Irregularities in the CNV v4.0 control dataset

Dear gnomAD CNV team,

Thank you for publicly releasing the gnomAD v4.0 data. It’s such a valuable resource. I reached out to your team via email and the email reply suggested I post my query in the forums instead. My query consists of some irregularities I saw. Some of these don’t affect my research, but I thought I’d list them so you can make changes for the next version. Others are a little odd, and I’m hoping to get some clarification before I submit for publication.

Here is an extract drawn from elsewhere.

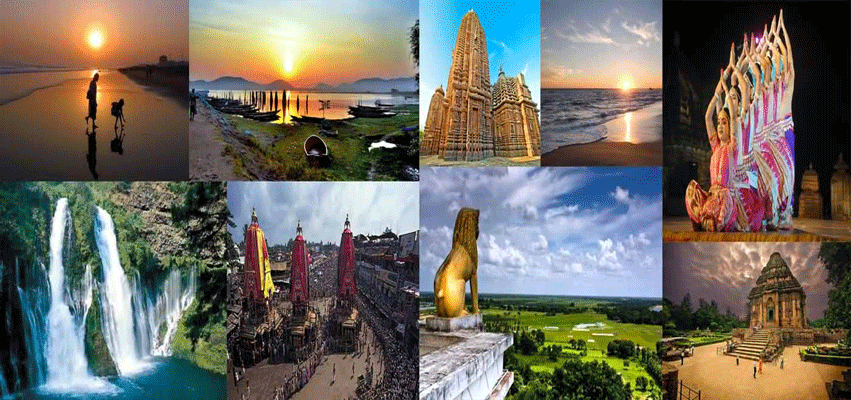 Top 10 Most Ideal Getaway Destinations in Odisha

The dataset is the “CNV v4.0 non neuro control dataset” excel file

  1. The excel file has a column for gene content. Many CNV variants do not seem to include the genes in their region, or include only some genes. For example, variant 432421_Dup should also include the NSD1 gene (this can be seen on the website gnomAD ). This means if you filter by the NSD1 gene on the excel file, there are no CNVs in the file that involve this gene, which is incorrect. Other examples include Variant 224065__DUP and 167825__DUP. I suspect there may be thousands, actually, with this issue.

  2. 193076__DUP is mislabelled. I think the label was meant to say 16p12.2_DUP.

  3. Variant 17q11.2 is listed in the excel sheet twice. One of these should be 17q11.2-NF1__DEL and the other should be 17q11.2-NF1__DUP

  4. The 22q11.2 distal type 1 and type 2 (del and dup) on the gnomad website may be listed with incorrect coordinates (too short). The CNVs on the gnomad website do not appear to include BCR which is one of the critical genes. Decipher data suggests different coordinates for both type 1 and type 2. Clarifying this is important for my upcoming publication (systematic review on penetrance estimates for 83 CNVs). I was hoping to clarify each CNV (dels and dups) that intersect MAPK1 and BCR, their coordinates and ‘site count’ please? I’d be really grateful for that. Thank you.

  5. The excel file has a variant that is labelled 15q11-q13-BP1-BP3__DEL. I think this is mislabelled - it should be BP2-BP3. The reciprocal duplication with the same coordinates is listed correctly. Relevant to my work, can I check if the 4 individuals listed with this del are actually a BP2-BP3 or a BP1-BP3?

I love the dataset. Thank you for the work you’ve put into releasing it.

Hi there!

Thank you for your kind words! Please allow me to try and address your questions and comments. Two general comments before I address each of your points in more detail: (a) we will be releasing the V4.1 CNV files, mostly involving renaming of the frequency and count fields to align with the format in the SNV/indel data; and (b) are you referring to the VCF file as the excel file? I’m unsure where the excel file would be coming from, could you help point out where you accessed the excel file?

  1. This is actually by design of our annotation algorithm. Deletions that delete >=10% of the CDS of a gene is labeled as a deletion of that gene in the column that you refer to, while duplications that duplicate >= 75% of the CDS of a gene is labeled as a duplication of that gene. Details of this annotation/labeling are outlined a bit more in our blog post: Rare coding CNVs from exome sequenced individuals in gnomAD v4 | gnomAD browser. If you would like to annotate genic impact by any overlap, definitely feel free to use raw coordinates of the deletion and duplication and determine overlap with your preferred gene annotation!

  2. Good observation and deduction. For our curation efforts, we actually do not include 16p12.2 duplication as a locus, so this labeling was intentional. I’m happy to provide much more details too about our GD curation process if you would be interested!

  3. I see 2 different entries for 17q11.2, one for the deletion and one for the duplication. These would be entries 37,178 and 37,179 in the non-neuro control subset. Can you confirm?

  4. What coordinates do you have in mind? We label GDs using a 50% reciprocal overlap setting (type I is 21,562,828-23,306,924 and type II is 22,776,924-23,306,924 in our curated coordinates). Viewing the browser, it does look like our labeled type II del overlaps BCR, while type I does not. gnomAD. If you could provide the coordinates that you have in mind I can followup in more detail!

  5. Thank you for pointing this out. I will followup in detail and should be able to get back to you soon!